GIVEN RECORDS:
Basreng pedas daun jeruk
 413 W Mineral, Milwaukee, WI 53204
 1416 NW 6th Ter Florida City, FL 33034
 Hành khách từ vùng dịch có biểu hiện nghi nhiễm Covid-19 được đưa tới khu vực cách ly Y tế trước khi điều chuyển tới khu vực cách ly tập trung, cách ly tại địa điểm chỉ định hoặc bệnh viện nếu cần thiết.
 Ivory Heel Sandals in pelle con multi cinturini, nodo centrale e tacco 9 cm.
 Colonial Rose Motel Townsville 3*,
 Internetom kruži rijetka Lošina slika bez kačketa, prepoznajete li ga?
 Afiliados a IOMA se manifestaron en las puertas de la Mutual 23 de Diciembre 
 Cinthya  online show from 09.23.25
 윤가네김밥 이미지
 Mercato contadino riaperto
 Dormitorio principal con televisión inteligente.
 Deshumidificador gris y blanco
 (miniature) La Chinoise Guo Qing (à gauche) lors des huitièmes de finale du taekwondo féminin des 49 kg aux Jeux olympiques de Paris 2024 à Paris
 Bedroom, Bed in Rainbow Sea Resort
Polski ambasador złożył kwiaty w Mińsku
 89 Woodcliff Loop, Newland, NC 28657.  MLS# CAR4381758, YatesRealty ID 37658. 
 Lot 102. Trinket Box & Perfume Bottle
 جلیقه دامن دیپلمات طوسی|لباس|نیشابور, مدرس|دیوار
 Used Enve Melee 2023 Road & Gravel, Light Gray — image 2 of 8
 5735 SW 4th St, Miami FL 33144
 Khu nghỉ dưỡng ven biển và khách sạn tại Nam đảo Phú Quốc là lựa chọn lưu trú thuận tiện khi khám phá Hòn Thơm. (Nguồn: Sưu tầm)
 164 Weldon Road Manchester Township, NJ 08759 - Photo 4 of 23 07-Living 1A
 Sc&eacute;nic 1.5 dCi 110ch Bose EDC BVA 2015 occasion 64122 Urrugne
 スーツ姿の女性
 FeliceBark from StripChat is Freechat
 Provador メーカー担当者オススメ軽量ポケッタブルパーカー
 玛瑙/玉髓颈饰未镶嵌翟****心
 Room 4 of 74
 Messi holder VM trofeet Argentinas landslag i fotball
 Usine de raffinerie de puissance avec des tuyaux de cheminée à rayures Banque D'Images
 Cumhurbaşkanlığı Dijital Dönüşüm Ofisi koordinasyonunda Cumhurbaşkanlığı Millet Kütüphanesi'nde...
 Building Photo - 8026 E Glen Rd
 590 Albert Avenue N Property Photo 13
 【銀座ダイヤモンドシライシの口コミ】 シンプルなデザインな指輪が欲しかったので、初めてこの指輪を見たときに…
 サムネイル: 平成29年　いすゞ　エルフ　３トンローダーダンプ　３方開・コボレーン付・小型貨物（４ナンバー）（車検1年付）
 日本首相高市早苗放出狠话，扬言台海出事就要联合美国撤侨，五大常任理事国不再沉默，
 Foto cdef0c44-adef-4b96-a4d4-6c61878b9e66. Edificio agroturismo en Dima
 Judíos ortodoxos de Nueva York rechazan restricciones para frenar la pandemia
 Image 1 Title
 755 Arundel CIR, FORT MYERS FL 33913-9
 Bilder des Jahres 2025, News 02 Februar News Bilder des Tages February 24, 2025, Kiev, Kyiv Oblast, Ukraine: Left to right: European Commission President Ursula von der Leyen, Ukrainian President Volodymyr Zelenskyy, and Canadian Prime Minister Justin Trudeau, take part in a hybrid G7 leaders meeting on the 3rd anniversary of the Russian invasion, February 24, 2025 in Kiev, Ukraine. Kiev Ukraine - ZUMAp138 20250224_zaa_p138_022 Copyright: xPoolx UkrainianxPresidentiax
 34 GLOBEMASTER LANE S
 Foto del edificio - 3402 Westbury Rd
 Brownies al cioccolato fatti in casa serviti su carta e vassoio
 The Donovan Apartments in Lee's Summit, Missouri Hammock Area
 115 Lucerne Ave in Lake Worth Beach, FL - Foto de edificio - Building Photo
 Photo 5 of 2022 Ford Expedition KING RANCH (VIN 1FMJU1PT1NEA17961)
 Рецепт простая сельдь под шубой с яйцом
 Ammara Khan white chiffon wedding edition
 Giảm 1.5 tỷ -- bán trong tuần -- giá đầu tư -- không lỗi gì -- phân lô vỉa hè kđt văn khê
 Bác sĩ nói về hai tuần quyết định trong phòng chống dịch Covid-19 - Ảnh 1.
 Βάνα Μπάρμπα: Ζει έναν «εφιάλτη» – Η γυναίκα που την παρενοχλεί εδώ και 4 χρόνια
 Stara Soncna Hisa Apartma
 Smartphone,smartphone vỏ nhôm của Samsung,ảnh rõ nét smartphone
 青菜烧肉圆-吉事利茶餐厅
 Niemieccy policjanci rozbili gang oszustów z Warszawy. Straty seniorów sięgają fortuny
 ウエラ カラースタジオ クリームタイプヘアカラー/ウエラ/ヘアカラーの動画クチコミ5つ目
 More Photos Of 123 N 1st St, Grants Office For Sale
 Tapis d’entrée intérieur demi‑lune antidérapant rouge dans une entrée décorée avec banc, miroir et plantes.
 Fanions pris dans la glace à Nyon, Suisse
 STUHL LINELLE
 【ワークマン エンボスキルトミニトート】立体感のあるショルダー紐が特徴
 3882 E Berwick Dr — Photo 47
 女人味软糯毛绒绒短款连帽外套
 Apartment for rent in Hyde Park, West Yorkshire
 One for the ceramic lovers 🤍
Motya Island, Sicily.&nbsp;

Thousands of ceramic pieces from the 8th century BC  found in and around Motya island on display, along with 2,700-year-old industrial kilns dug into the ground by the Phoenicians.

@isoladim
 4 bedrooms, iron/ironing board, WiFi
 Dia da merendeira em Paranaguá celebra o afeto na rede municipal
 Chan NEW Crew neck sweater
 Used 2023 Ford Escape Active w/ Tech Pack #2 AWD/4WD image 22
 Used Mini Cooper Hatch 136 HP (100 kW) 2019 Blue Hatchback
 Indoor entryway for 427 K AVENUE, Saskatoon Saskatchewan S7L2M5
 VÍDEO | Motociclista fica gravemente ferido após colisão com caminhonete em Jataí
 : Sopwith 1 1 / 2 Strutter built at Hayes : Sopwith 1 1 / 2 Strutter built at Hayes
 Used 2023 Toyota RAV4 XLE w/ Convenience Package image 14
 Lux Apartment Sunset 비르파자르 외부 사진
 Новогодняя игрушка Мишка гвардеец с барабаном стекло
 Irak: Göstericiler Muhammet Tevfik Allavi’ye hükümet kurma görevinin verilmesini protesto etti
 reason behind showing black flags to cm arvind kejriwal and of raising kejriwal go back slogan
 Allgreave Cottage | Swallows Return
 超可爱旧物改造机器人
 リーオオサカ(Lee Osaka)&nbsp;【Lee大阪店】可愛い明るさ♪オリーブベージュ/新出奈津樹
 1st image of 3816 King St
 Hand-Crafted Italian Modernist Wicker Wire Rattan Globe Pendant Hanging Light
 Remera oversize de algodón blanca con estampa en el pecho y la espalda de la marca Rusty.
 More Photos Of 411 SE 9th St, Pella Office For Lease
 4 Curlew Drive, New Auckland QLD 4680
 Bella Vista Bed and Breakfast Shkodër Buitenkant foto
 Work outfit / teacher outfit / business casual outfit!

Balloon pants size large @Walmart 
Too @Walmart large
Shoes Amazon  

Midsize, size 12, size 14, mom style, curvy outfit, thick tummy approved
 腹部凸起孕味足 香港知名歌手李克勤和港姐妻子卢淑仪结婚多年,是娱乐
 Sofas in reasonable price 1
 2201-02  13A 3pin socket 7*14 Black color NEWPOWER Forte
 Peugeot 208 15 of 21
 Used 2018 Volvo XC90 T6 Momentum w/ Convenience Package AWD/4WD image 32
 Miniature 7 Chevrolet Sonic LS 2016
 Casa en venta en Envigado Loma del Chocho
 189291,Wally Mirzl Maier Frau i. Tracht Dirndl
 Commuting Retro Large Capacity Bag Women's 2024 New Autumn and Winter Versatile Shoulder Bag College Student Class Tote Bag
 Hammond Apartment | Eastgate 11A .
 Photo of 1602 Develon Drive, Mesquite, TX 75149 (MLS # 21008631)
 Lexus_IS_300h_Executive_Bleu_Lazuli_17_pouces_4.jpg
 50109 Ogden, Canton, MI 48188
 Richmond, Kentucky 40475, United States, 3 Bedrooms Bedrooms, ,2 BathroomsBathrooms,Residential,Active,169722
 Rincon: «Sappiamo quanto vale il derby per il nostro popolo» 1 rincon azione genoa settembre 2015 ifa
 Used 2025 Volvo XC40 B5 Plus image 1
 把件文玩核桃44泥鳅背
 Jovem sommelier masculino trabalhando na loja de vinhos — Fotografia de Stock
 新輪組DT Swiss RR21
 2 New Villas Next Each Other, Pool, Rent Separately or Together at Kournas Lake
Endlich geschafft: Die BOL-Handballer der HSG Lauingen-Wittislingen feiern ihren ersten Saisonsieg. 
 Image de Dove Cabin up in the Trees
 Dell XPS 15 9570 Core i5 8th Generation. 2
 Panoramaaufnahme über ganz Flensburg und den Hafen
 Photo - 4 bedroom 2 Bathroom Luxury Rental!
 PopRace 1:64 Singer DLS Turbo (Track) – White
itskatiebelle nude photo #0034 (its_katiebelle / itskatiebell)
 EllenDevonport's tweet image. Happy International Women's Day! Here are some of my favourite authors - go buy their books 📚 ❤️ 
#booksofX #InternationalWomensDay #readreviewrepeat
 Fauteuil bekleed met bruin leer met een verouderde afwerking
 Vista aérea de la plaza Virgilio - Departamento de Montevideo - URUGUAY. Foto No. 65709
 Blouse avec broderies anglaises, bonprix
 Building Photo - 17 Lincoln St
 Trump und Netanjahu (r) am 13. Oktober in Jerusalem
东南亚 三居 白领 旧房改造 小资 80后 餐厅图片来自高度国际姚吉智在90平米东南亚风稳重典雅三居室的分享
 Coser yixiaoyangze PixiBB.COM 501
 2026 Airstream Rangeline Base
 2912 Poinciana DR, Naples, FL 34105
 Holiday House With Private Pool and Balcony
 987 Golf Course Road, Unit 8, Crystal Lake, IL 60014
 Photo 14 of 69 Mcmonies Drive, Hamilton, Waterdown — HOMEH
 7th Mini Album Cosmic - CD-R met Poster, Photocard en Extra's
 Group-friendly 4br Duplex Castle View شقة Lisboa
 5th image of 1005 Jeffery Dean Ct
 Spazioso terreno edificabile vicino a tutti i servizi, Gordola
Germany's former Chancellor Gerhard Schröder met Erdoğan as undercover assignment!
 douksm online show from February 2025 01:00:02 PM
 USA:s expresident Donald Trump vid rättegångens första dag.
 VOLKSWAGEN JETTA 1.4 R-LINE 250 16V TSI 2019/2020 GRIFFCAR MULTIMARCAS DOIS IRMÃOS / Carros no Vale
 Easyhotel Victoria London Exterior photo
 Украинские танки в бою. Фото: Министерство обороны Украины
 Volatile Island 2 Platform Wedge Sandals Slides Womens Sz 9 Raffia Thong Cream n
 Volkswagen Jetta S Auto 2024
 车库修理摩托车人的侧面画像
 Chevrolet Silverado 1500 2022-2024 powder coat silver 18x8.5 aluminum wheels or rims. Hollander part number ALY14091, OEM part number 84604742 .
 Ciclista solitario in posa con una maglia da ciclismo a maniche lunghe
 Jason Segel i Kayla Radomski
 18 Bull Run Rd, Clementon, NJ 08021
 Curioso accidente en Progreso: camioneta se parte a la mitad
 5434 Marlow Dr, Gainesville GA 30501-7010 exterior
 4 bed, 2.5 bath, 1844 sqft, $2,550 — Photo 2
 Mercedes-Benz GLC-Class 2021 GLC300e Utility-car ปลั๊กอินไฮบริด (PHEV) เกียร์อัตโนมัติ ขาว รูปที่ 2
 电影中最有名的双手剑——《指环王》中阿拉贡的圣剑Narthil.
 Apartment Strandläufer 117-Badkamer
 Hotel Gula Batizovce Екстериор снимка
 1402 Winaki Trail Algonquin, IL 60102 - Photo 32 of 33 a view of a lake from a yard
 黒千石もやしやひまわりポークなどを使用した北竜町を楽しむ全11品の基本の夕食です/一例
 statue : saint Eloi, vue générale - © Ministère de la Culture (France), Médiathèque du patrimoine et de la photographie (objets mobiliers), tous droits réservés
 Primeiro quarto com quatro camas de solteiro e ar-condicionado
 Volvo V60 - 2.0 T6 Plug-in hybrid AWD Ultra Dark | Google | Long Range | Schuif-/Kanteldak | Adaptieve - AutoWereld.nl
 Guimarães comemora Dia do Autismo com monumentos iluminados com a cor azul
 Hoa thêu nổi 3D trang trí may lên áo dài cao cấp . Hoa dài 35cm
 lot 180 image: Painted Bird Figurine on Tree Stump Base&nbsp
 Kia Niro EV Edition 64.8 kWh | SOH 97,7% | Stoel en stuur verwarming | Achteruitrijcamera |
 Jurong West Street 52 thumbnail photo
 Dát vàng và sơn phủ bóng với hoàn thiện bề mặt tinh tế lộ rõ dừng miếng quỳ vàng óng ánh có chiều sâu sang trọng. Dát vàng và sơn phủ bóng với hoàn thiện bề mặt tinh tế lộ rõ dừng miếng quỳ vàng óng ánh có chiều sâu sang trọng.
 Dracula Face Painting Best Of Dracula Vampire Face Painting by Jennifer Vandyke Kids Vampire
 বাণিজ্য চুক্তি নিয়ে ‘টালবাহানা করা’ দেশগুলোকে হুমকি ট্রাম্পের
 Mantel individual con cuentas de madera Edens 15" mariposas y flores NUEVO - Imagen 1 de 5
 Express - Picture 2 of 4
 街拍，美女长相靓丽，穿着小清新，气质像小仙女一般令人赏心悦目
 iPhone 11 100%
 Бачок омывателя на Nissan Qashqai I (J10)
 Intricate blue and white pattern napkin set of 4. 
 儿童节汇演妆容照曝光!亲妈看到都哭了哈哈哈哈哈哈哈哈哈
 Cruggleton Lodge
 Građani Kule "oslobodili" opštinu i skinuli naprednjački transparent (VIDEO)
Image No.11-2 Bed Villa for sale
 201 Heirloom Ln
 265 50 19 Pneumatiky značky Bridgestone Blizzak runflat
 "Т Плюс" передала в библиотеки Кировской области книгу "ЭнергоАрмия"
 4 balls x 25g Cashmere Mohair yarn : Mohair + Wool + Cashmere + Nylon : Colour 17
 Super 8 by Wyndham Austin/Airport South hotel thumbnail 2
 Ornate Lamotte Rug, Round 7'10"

WORK TO BE COMPLETED:
With the line holding "日本首相高市早苗放出狠话，扬" as the first and the line holding "755 Arundel CIR, FORT MYERS FL 33913-9" as the last, set down that range of the entries above exactly, and nothing else.

REPLY TO THE EXERCISE:
 日本首相高市早苗放出狠话，扬言台海出事就要联合美国撤侨，五大常任理事国不再沉默，
 Foto cdef0c44-adef-4b96-a4d4-6c61878b9e66. Edificio agroturismo en Dima
 Judíos ortodoxos de Nueva York rechazan restricciones para frenar la pandemia
 Image 1 Title
 755 Arundel CIR, FORT MYERS FL 33913-9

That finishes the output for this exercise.